BRIEF: Repeat the lines of the data exactly and exclude any picture among them.

DATA SHOWN:
• • • • •

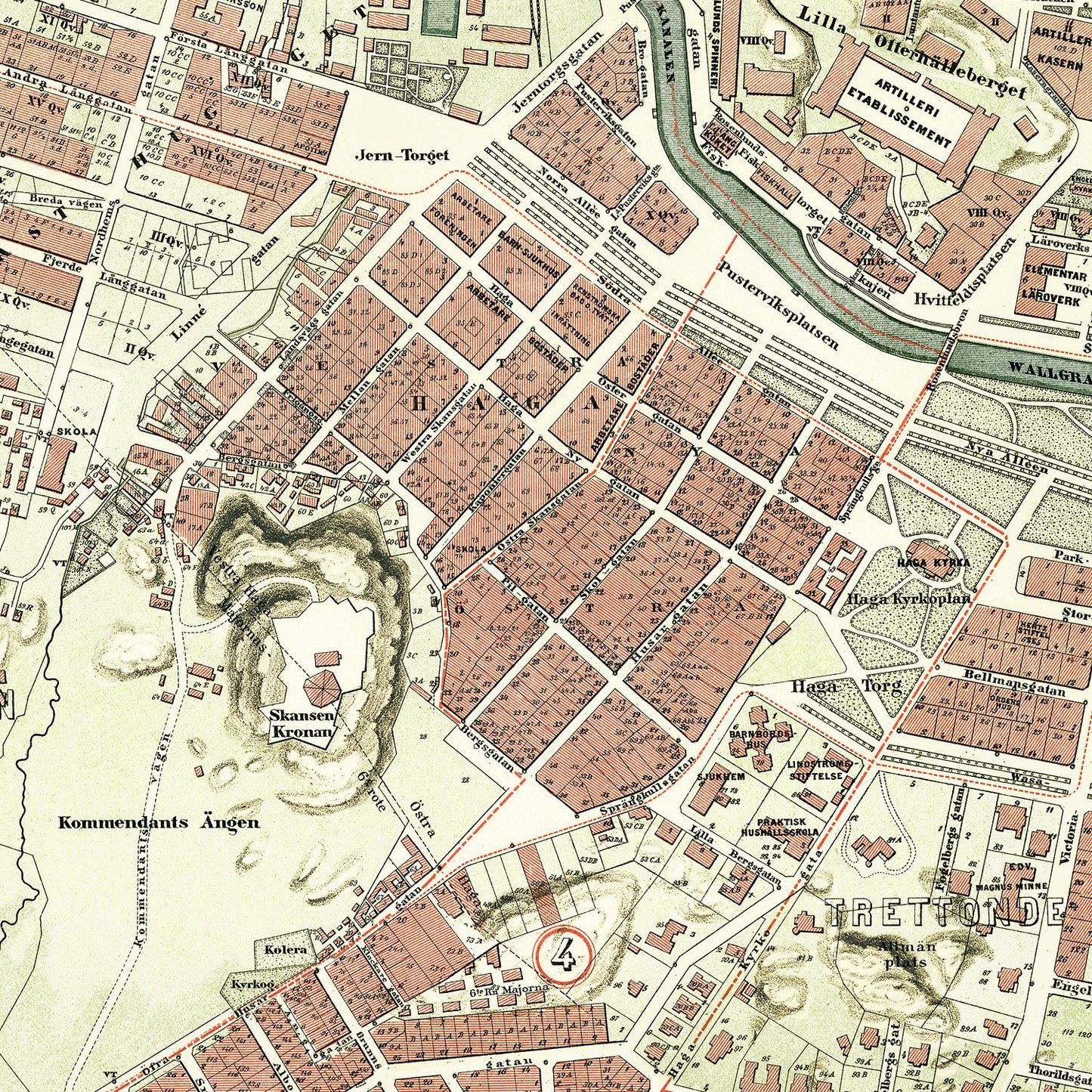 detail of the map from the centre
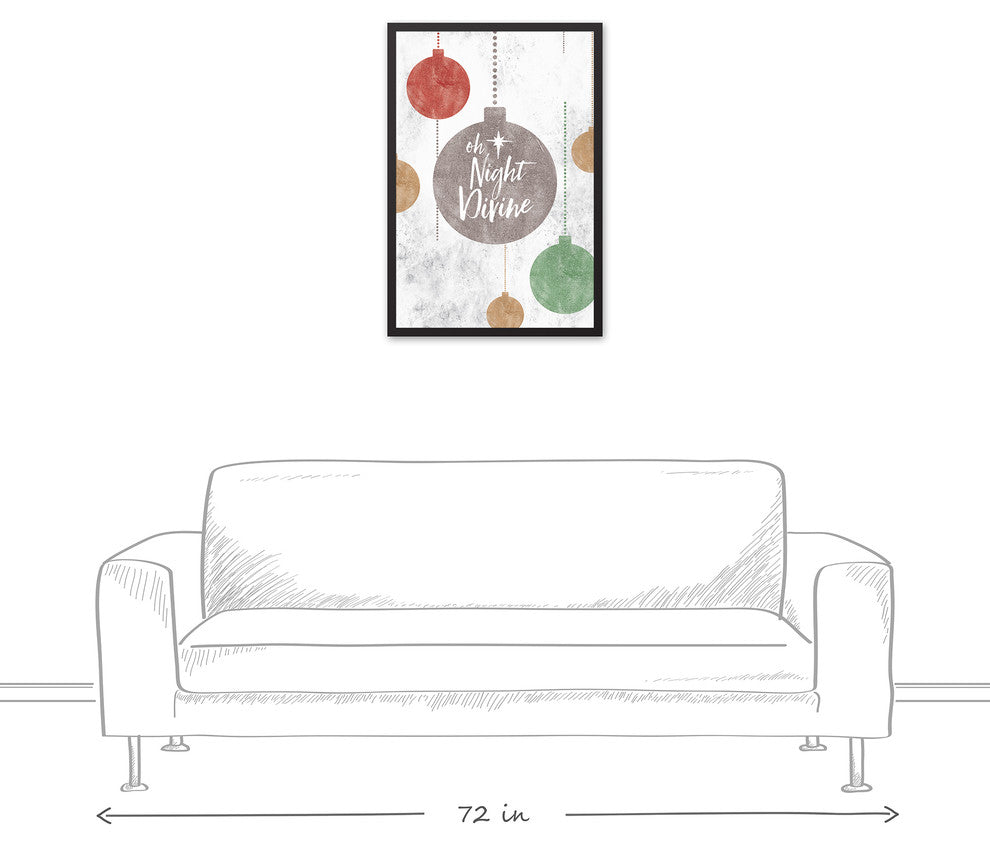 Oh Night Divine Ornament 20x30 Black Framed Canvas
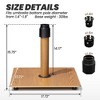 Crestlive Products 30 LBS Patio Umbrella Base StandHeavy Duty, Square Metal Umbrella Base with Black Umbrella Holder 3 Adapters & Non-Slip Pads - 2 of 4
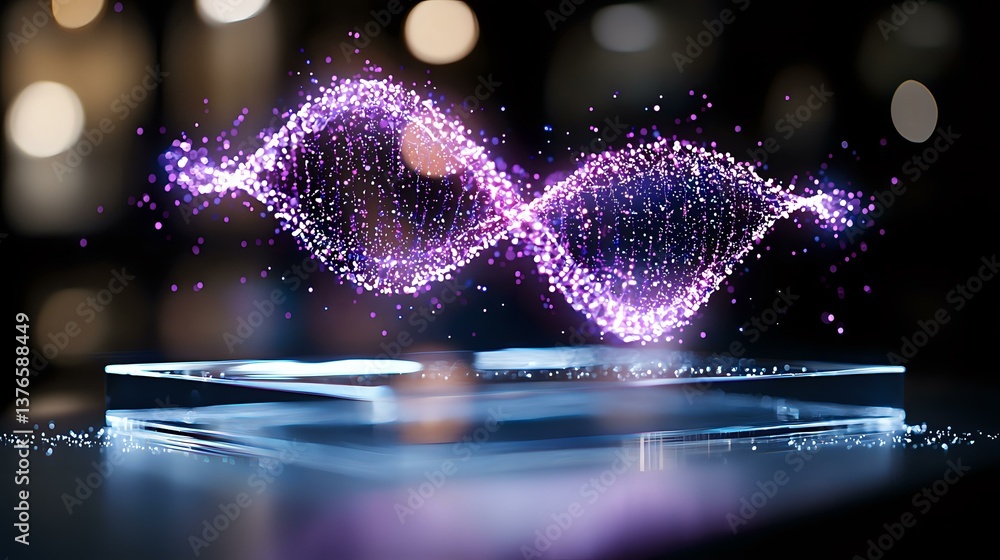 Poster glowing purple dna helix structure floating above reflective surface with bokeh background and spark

• • • • •

SOLUTION:
 detail of the map from the centre
 Oh Night Divine Ornament 20x30 Black Framed Canvas
 Crestlive Products 30 LBS Patio Umbrella Base StandHeavy Duty, Square Metal Umbrella Base with Black Umbrella Holder 3 Adapters & Non-Slip Pads - 2 of 4
 Poster glowing purple dna helix structure floating above reflective surface with bokeh background and spark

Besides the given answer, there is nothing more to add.